Effective provincial, national and international surveillance networks, both formal and informal, with epidemiologic and laboratory expertise, as well as collaboration from the food industry and regulatory agencies are required for timely public health responses to global foodborne outbreaks. Currently, systematic serotyping of Salmonella at the provincial level, reporting of these serotypes at the national level and a national protocol for outbreak investigations ensure efficient communication occurs between epidemiologists, microbiologists, food regulators and food inspectors to rapidly identify foodborne outbreaks.

  1. National Advisory Committee on Microbiological Criteria for Foods. Microbiological safety evaluations and recommendations on sprouted seeds. Int J Food Microbiol 1999;52:123-53.
  2. Jaquette CB, Beuchat LR, Mahon BE. Efficacy of chlorine and heat treatment in killing of Salmonella stanley inoculated onto alfalfa seeds and growth and survival of the pathogen during sprouting and storage. Appl Environ Microbiol 1996;62:2212-15.
  3. Weissinger WR, Beuchat LR. Comparison of aqueous chemical treatments to eliminate Salmonella on alfalfa seeds. J Food Prot 2000;63:1475-82.
  4. Canadian Food Inspection Agency. Code of practice for the hygienic production of sprouted seeds and beans – DRAFT. URL: <http://inspection.gc.ca/english/plaveg/fresh/sprointe.html>. Date of access: April 2001.
  5. Tauxe RV. Emerging foodborne diseases: an evolving public health challenge.Emerg Infect Dis 1997;3:425-34. URL: <http://www.cdc.gov/ncidod/eid/vol3no4/tauxe.htm>. Date of access: November 1999.

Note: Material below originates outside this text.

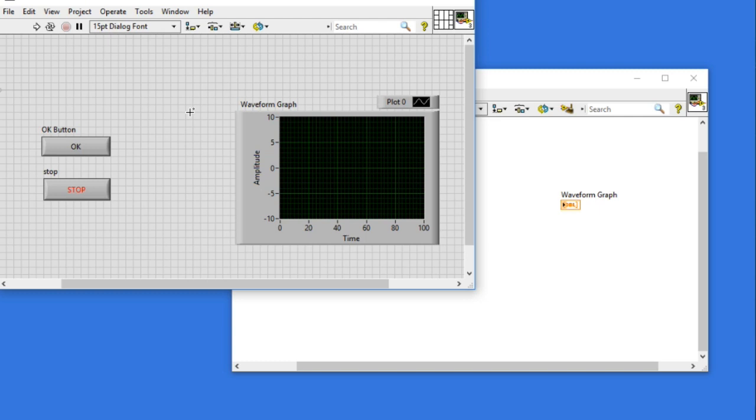Now what we're going to do is change the attribute of my front panel so that whenever I change the size of the front panel, the user interface—in this case two boolean buttons as well as the waveform graph—are going to resize according to the size of my front panel.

  6. Hedberg CW, MacDonald KL, Osterholm MT. Changing epidemiology of food-borne disease: a Minnesota perspective. Clin Infect Dis 1994;18:671-82.
  7. Tauxe RV, Hughes JM. International investigation of outbreaks of food borne disease. Br Med J 1996;313:1093-94.
  8. Lederberg J. Infectious disease – a threat to global health and security. JAMA 1996;276:417-19.